OK, I have managed to implement the SHA1 assemler version (thanks to EngKin for the {$ASMMODE INTEL} compiler directive tip!)
SHA1
For files, running on a 32-bit Windows virtual machine hosted on a 64-bit AMD Linux workstation I saw :
An average of 13 to 14 seconds using the Pascal enhanced SHA1Transform for a 1Gb file
An average of 6-8 seconds using the new assembly compiled SHA1Transform for a 1Gb file
For disks, running on the same platform :
Well, I need to check my time computations.
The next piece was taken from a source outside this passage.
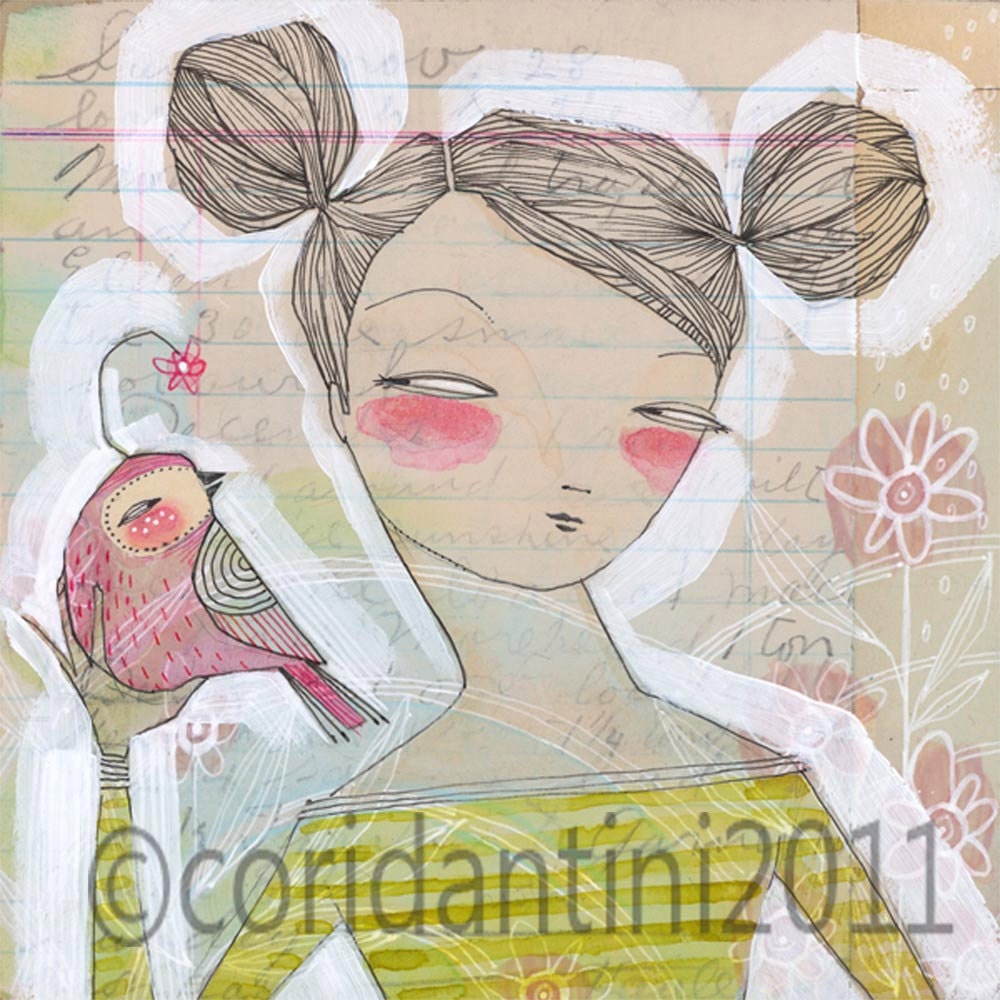watercolor portrait of a woman and bird - 8 x 8 inch limited edition archival print by cori dantini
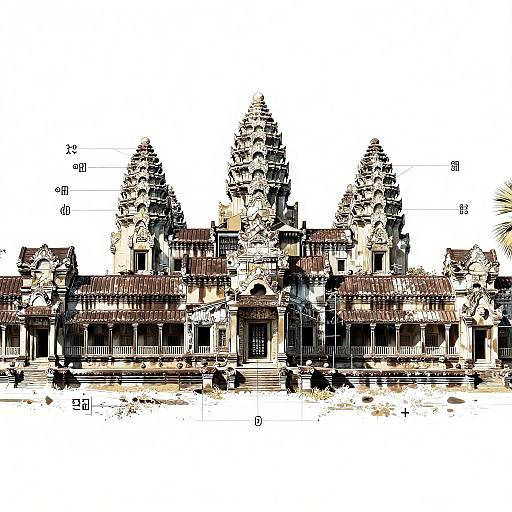 Digital drawing of a detailed, ornate historical building with three prominent towers, brown tiled roof, and intricate stonework, annotated with measurement markers.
They seem to average about 7Gb per minute (which is still very fast), but from time to time, it leaps to nearly 14gb per minute (which, if true, is mind blowingly fast considering my workstation is about 6 years old!)!! I'm not sure if that is due to disk activity, disk caching etc, or if it';s the way my program is computing the time. I will need to do more tests on native hardware rather than through virtualisation.
For MD5
An average of 10 seconds using the Pascal enhanced MDTransform for a 1Gb file
An average of 5 seconds using the new assembly compileded MDTransform for a 1Gb file.
So, on my system, with this architecture, both look very promising. 50% for files with MD5. And around 40% for files with SHA1!
EngKins new paragraph to his CV (or 'Resume' if he's American) : Developed the fastest open source transform procedure on Earth using assembly!